I chose the quote above because although I have achieved these professional goals and live in an amazing location, my situation is still not perfect (continually damaged), and in my attainment of certain goals, I realize that new desires have slipped into my life (the heart is fickle).
Where things are continually damaged:
Although I live on the coast, David and I now live apart, and the distance has challenged us in unexpected ways. In Hawaii, we were inseparable; adventuring around the island and jointly working on exciting and creative projects. In Houston we were a team — both focused on our careers and encouraging each other along the way. Now, 1500 miles away, our interactions have become an abbreviated curbside, hello-goodbye.
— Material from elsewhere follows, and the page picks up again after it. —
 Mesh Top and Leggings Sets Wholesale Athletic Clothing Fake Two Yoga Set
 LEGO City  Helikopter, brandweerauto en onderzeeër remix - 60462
Perhaps the most challenging and puzzling aspect of our new situation is that the new situation does not challenge us at all.
My housing situation has also changed: In Houston, David and I shared a 1 bedroom condo in which I worked in complete and absolute solitude. I relished the many uninterrupted hours I used to tinker on my projects. In stark contrast, I now sleep in a twin-sized loft bed in the living room of my mother’s two bedroom apartment. As a resident of the living room, I am understandably obliged to interact with and not sour the happy vibe with all living creatures that step foot into the room.
Where I once had a badass work station with papers, paints, adhesives and various tools at my fingertips, all of my most useful and precious possessions now live on four shelves and 3 boxes in a bookshelf — my boards live in my car. Although this is great for now, it is not my optimal situation where both David and I live together…in a room… with doors.
Where the heart is fickle:
As I have come into my 30’s, I now think about my mortality in terms of aging into a long life, rather than with a monomaniacal focus on my projects and artwork. Ironically, as I grow into my career and into a position to save money, I feel a greater sense of financial insecurity. My expenses are few and I try my best to capitalize on my rent-free living situation; yet I feel the fingers of fiscal anxiety reaching into me. One night, my best friend and I were laughcyring over the sublime & tremendously likely possibility of us growing into little old ladies with a great accumulation of experiences but scraping by with little else.
With the advent of this new need to create financial stability, I find myself starting at a similar place I was when setting out to find my professional niche.
Where time flows past without a break:
Like time, and like waves, desire seems to be a constant companion in my life.
Sometimes, I look out into the ocean and feel a cool emptiness in my stomach. Regardless of how my muscles feel, the waves never tire. They are relentless. I suppose a symmetry between man and nature lies in man’s relentless desire. Desire cyclically wells up in a barreling swell and levels placidly into a fluid and benign mass. Swells roll in at different directions, as desire pivots to claim its place in the direction of my life.
When in the water, I catch some waves, miss others and sometimes take it on the head. Although I want the wave, I don’t attach a great deal of significance to it because I know there will be more. In the same sense, I may choose to let my desires set the course of my intentions but limit its significance, because like the waves, there will always be more.